In the first decade of the 21st century, legal aid was run by a body called the Legal Services Commission (LSC). The LSC had the technical status of a non-departmental public body, which meant that, in contrast to the present Legal Aid Agency, appointments to its board were subject to the principles on public appointments, including advertisement. In 2005 the LSC advertised vacancies for lawyers. Hardly anybody seems to have paid any attention to the advertisement because, a few months later, they advertised again. The then Chair of the Bar, not wanting to miss an opportunity, drew my attention to this and urged me to apply. I duly did so; and set about preparing for the interview.

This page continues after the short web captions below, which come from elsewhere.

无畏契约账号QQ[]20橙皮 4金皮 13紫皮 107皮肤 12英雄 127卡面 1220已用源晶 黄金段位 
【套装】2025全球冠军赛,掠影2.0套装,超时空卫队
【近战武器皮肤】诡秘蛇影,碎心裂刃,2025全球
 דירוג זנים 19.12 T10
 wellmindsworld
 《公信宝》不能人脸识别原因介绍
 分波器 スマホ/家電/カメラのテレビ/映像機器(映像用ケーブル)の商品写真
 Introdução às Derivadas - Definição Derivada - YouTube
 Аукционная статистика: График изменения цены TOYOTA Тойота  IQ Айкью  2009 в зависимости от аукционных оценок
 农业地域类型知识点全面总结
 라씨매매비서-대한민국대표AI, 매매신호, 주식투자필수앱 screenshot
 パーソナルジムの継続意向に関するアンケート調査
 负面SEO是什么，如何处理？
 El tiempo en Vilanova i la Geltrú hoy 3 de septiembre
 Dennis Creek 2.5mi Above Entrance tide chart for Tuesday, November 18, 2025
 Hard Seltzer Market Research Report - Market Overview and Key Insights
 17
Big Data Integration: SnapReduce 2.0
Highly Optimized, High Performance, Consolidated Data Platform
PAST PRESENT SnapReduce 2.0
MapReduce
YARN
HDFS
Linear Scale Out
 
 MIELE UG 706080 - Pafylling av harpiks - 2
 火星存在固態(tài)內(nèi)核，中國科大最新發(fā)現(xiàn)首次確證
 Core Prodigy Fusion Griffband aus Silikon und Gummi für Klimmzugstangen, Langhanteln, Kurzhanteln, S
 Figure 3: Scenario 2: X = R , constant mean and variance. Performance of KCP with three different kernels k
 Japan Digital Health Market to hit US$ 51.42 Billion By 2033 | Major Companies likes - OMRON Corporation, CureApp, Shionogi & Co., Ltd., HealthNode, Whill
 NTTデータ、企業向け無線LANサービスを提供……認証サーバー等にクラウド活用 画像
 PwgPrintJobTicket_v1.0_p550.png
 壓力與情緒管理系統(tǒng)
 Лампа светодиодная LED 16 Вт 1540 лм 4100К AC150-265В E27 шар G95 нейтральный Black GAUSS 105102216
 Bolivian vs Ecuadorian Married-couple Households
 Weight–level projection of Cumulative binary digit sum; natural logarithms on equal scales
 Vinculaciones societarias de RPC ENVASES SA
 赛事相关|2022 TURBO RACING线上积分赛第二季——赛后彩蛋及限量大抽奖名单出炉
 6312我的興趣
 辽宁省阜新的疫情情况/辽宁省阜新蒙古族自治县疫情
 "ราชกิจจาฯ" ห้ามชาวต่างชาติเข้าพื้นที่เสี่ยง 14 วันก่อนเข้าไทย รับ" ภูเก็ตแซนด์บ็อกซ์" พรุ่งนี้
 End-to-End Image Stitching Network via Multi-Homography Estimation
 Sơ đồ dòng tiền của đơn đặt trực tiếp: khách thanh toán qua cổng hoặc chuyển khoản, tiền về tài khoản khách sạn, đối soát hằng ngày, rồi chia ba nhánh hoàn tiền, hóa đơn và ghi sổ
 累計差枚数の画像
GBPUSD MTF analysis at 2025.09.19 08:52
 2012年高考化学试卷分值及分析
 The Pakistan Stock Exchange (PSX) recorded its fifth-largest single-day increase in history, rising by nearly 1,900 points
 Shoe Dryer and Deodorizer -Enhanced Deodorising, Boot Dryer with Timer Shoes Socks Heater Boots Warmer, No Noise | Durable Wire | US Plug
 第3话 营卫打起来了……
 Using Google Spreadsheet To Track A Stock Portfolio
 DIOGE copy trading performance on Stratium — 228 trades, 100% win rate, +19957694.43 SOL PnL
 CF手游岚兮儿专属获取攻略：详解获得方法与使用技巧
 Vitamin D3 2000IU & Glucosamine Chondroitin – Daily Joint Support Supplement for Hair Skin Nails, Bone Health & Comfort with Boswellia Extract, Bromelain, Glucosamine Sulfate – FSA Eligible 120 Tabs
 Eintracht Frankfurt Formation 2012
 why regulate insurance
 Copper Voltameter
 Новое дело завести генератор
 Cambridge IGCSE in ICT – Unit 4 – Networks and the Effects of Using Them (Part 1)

In the end the LSC found a better suited barrister who had a legal aid practice, which by then I no longer had. But I had a lively hour’s conversation with Sir Michael Barber, the LSC’s then Chairman and a veteran of public bodies, and a couple of officials.

I came away from what proved an interesting episode with two abiding impressions. One was that Whitehall regarded legal aid as if it were a dangerous wild animal they were trying to control. The second was that their attitude was entirely understandable.

What I discovered in my research to prepare for the interview was that legal aid spending resembled a runaway train: I do not believe there is any field of public expenditure which rose as fast as legal aid in the later years of the 20th century. Neither then, nor later, were the facts of how much it had spiraled ever acknowledged by the Bar or the Law Society. So, conversation between the legal profession and government was a dialogue of the deaf.

When retribution ultimately came it turned savage. What started as freezes turned into cuts – not just cuts in money terms, but cuts in real terms (ie after adjustment for inflation). Administration by costs judges, members of the legal profession and experienced Crown Court officials staff turned into administration by bureaucrats who know nothing about the law.

As the years have passed, information on legal aid spending in the 1970s and 1980s has become harder to access. For this reason, as well as lack of interest in the legal professions in statistics which might be helpful to the government, the facts about the actual rise in legal aid spending are not detailed in any publication or paper which I have seen for many years. Not, that is, until March this year.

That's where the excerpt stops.